* Directions *
All lines from the one that contains "Сірий Мерседес СЛК-Клас, об'ємом" to the end of the data must be retyped exactly. Pictures are not retyped.

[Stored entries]
-=-=-=-=-

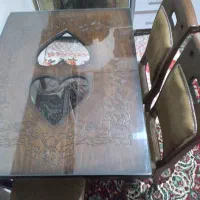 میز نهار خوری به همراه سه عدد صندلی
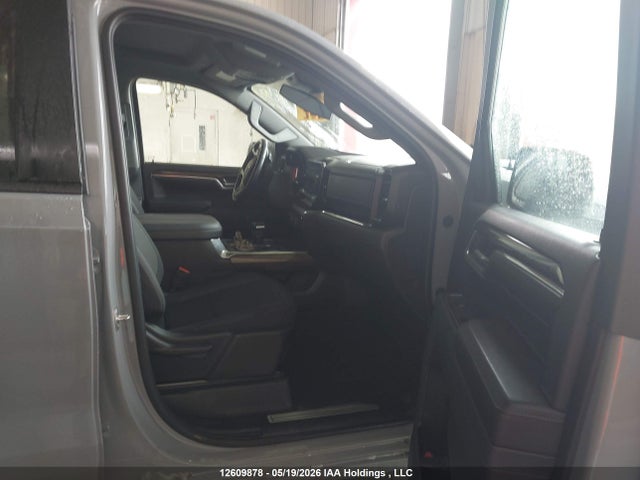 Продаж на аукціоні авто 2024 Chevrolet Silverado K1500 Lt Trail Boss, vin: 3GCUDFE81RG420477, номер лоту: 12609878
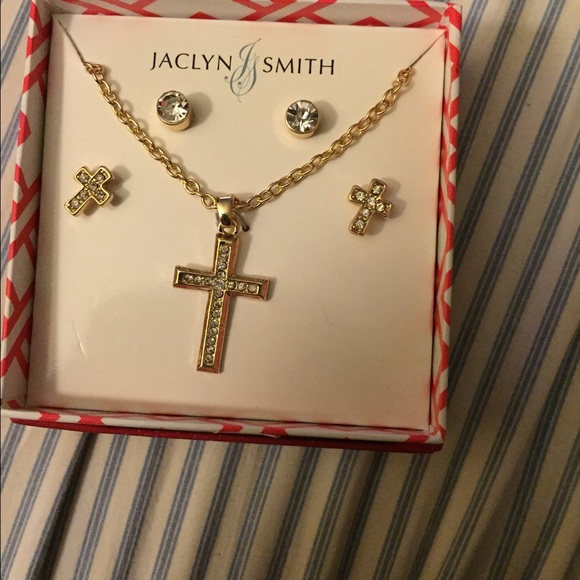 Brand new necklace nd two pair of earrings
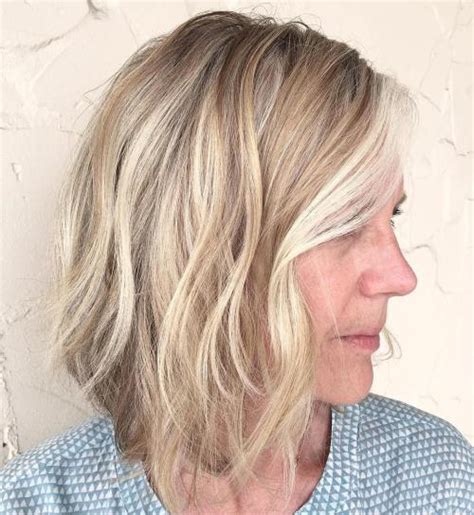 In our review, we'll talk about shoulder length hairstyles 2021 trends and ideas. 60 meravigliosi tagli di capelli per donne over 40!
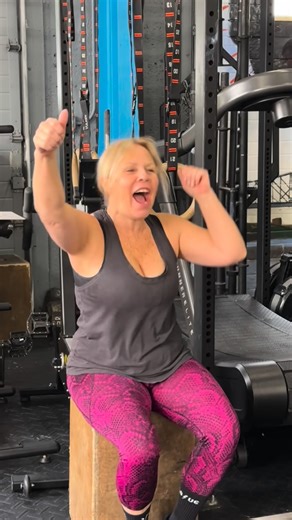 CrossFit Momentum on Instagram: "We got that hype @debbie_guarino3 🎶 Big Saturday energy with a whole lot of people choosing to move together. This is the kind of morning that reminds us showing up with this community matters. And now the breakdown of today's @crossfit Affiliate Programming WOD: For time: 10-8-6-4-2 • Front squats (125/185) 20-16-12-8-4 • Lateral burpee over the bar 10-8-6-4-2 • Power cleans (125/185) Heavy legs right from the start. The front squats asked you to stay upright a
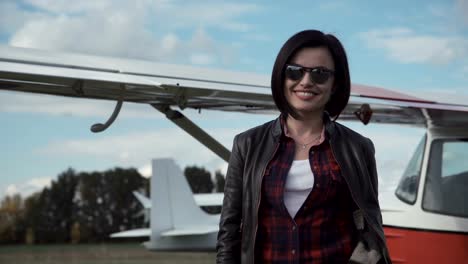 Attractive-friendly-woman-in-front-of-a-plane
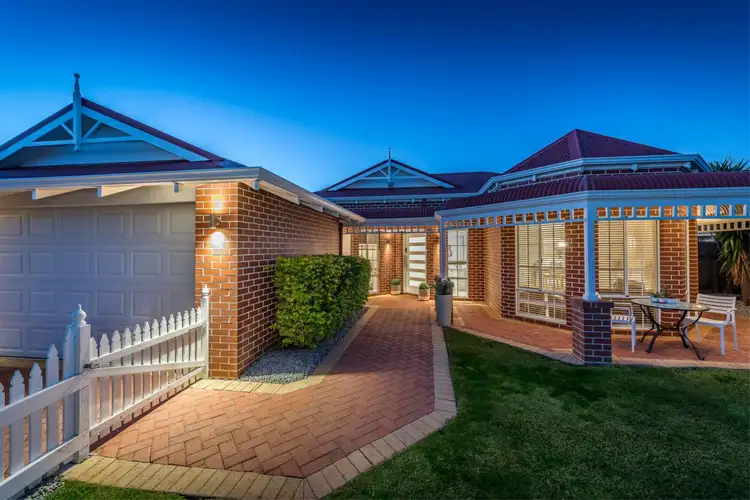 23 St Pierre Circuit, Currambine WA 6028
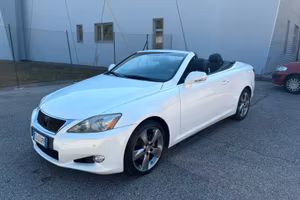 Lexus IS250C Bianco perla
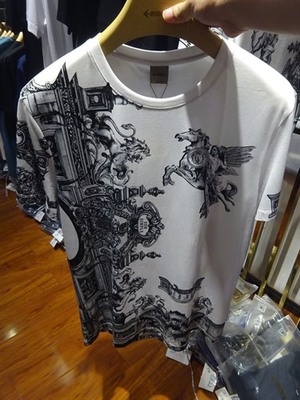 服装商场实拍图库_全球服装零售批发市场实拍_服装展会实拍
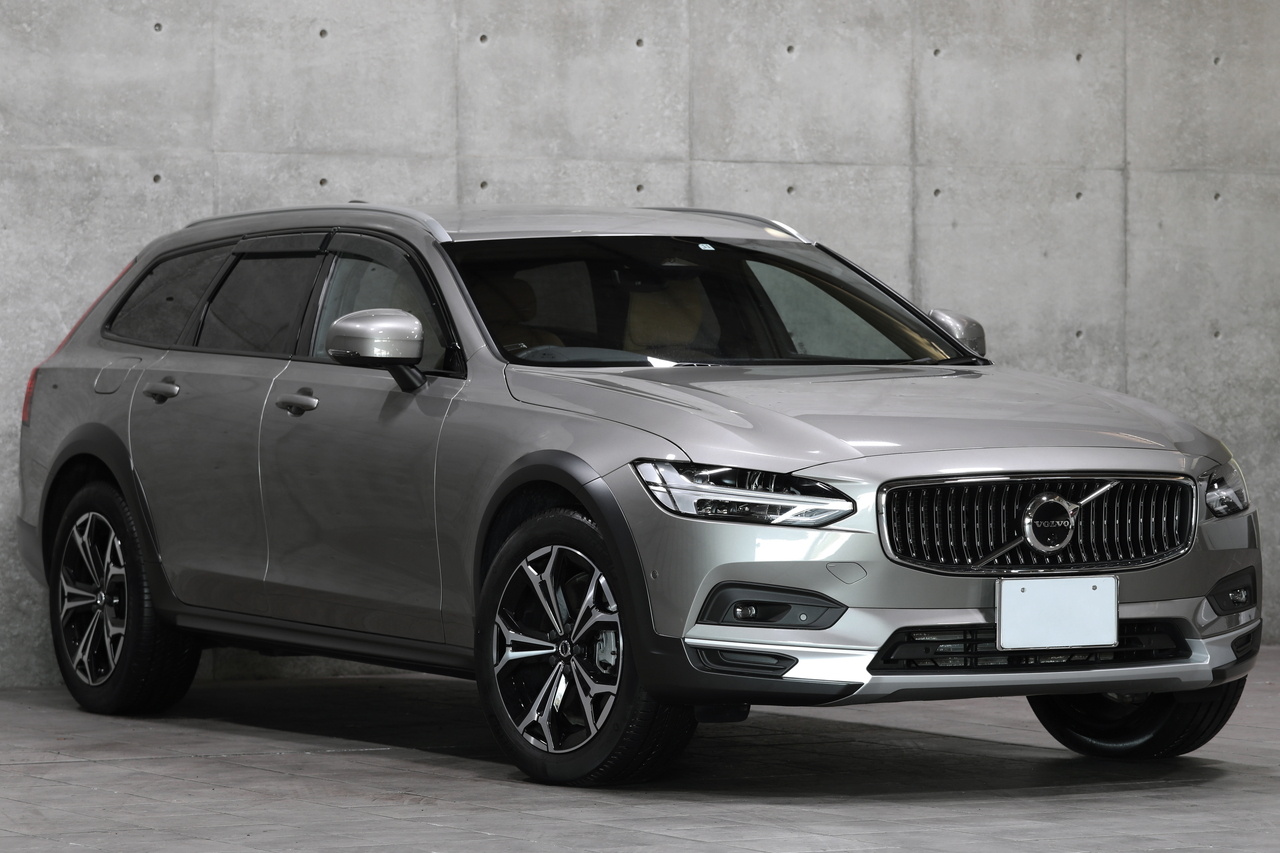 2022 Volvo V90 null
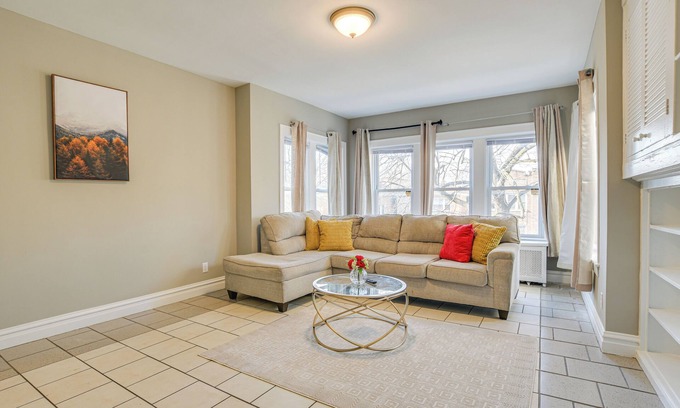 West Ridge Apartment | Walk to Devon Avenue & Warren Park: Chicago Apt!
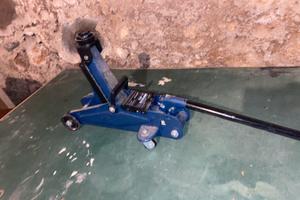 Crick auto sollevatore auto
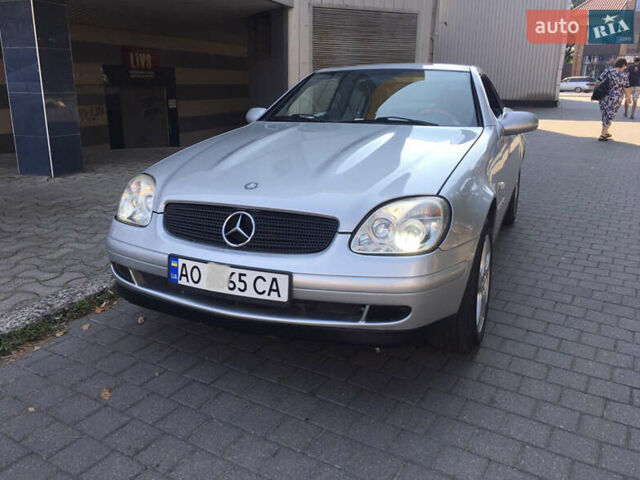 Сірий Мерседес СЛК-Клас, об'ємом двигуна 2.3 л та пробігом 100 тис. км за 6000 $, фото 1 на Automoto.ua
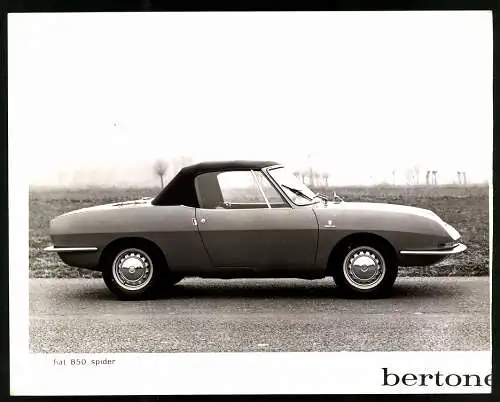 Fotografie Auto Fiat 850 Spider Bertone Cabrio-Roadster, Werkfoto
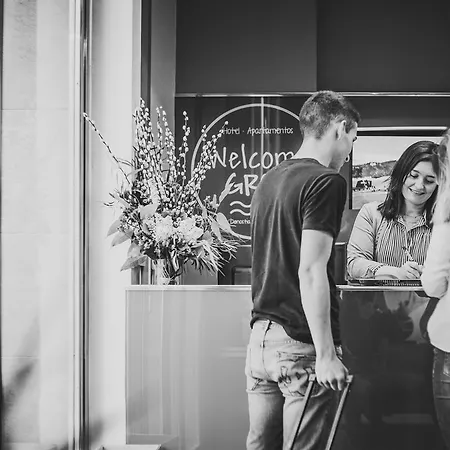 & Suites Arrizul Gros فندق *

-=-=-=-=-

* Exercise solution *
 Сірий Мерседес СЛК-Клас, об'ємом двигуна 2.3 л та пробігом 100 тис. км за 6000 $, фото 1 на Automoto.ua
 Fotografie Auto Fiat 850 Spider Bertone Cabrio-Roadster, Werkfoto
 & Suites Arrizul Gros فندق *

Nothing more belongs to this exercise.